Of course, we felt the impact in the military as well. Anywhere we went, being in uniform made us a target, especially overseas. My preparations for trips to South Korea and Indonesia involved hours-long online courses on how to survive a terrorist attack and how to develop situational awareness. Sadly, our physical bearing, clothes, and short hair gave us away. There was no way we could shed the appearance of being American, for better or worse.
As a member of the Nevada Guard attached to a history unit from Raleigh, North Carolina, I eventually took my turn in Afghanistan in 2011, officially, in support of Operation Enduring Freedom. Several things happened that year, including some of the most vicious attacks by the Taliban on U.S. and NATO soldiers during what was called the fighting season. Then came a big moral victory, the killing of Osama bin Laden in Abbottabad, Pakistan, on May 2, 2011. I was sitting in makeshift offices on Bagram Airfield, staring at the plywood walls, and watching the news reports on television, thinking about the impact of one man, while we suffered a day-long communications blackout.
What strikes me today, is the aftermath. TSA battles an image problem, and its employees among federal agencies stand out as suffering low morale, while my brothers and sisters in arms come home coping with a range of maladies, the worst of which has caused a suicide epidemic to the tune of 22 service members a day.
In 2009, I left TSA with memories of a toxic management, and the complaints of the travelling American public which persistently asked, “Why do you need to search my bag? Do I look like a terrorist?” During the five years and three months I was with TSA, I was spit at, yelled at, kicked, had luggage shoved into my shins, and told “thank you” only a handful of times. As a soldier, I returned home with post traumatic syndrome, seeing my fair share of atrocities, and listening to the ugly stories of glorified death from nearly 200 participants in the war.

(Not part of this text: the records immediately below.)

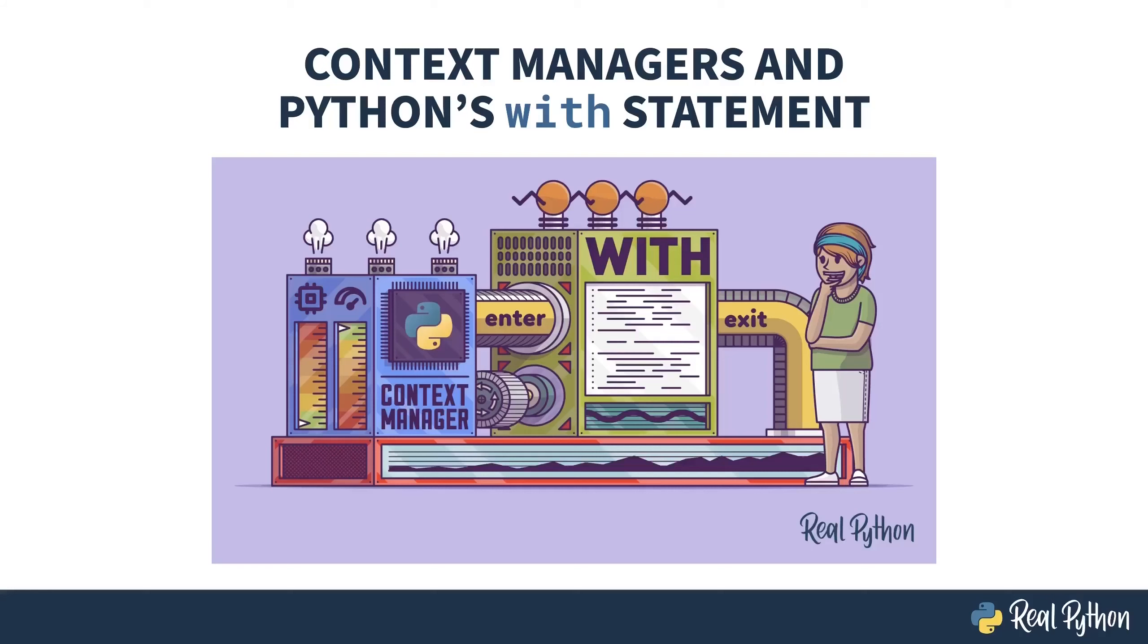Welcome to Context Managers and Python's With Statement. My name is Christopher, and I will be your guide. This course is all about a context manager, that's a code block that does resource management using the with keyword.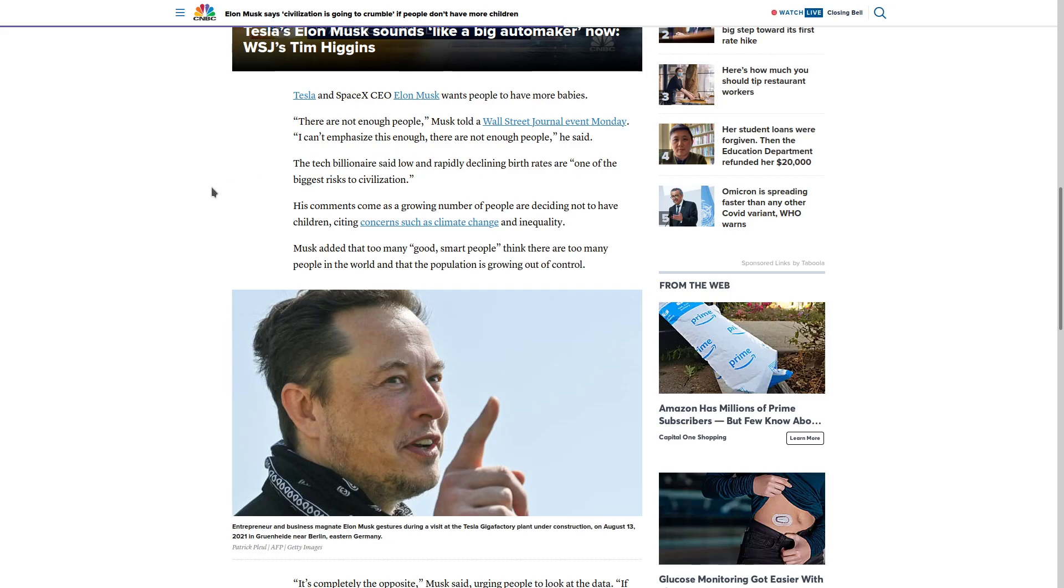Musk added that too many, quote, good, smart people think there are too many people in the world and that population is going to grow out of control. Well, the only places where this is a mainstream belief held by a lot of people are white places.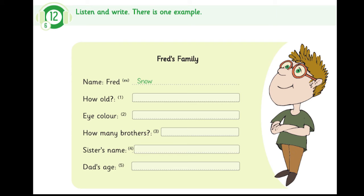Hello, Fred. Tell me about your family, please. OK. What can I tell you? What is your family name? It's Snow. Is that S-N-O-W? Yes.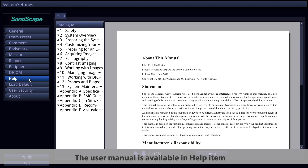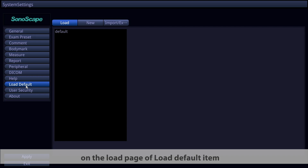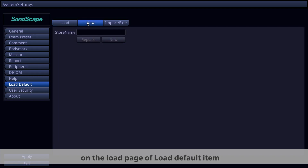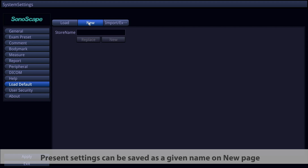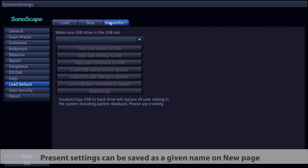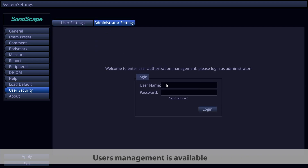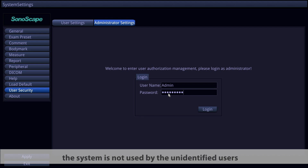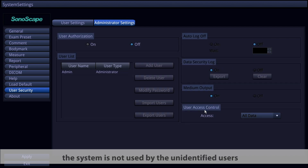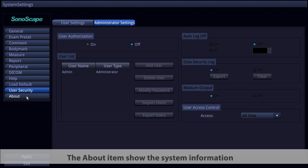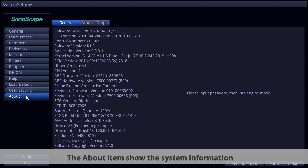The user manual is available in the Help item. You can load default settings on the Load page of the Load Default item. Preset settings can be saved with a given name on the New page. Importing and exporting settings are also available. User Management is in the User Security item to ensure the system is not used by unidentified users. The About item shows system information, which is important for troubleshooting.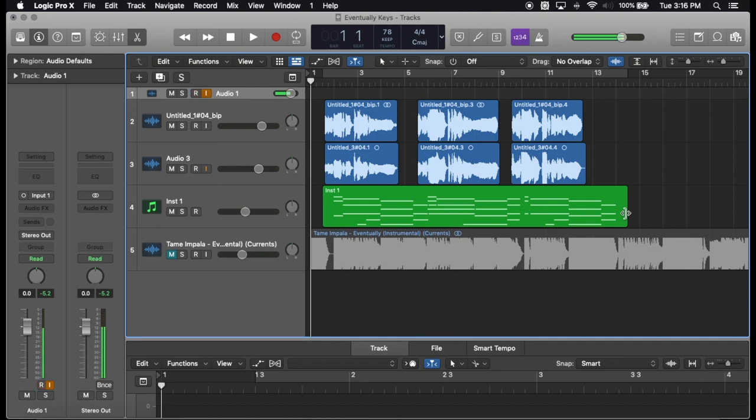Today we are going to dive into something that is kind of a short video about the synthesizer that was used and eventually by Tame Impala. So I threw some vocals on it so you can know what point the synthesizer happened.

After a year, landing at Dulles, large crowds welcomed us soldiers home with banners, pats on the back, and handshakes. And yes, they even called me a hero.
My compatriots have suffered through divorces, lost homes and jobs, feelings of hopelessness and survivors’ guilt. Meanwhile, mental health treatment is below par. The Veterans Administration remains ill-equipped to deal with the thousands of soldiers still trying to make it home. The war extends. U.S. troops continue to deploy to Afghanistan, even after 15 long years.
Contrary to what others believe about not telling their war stories, I think it’s important to share them, especially with those high school kids on the verge of becoming adults and making decisions, some as leaders. Maybe those stories can teach us something about how to avoid the possibility of another 9-11.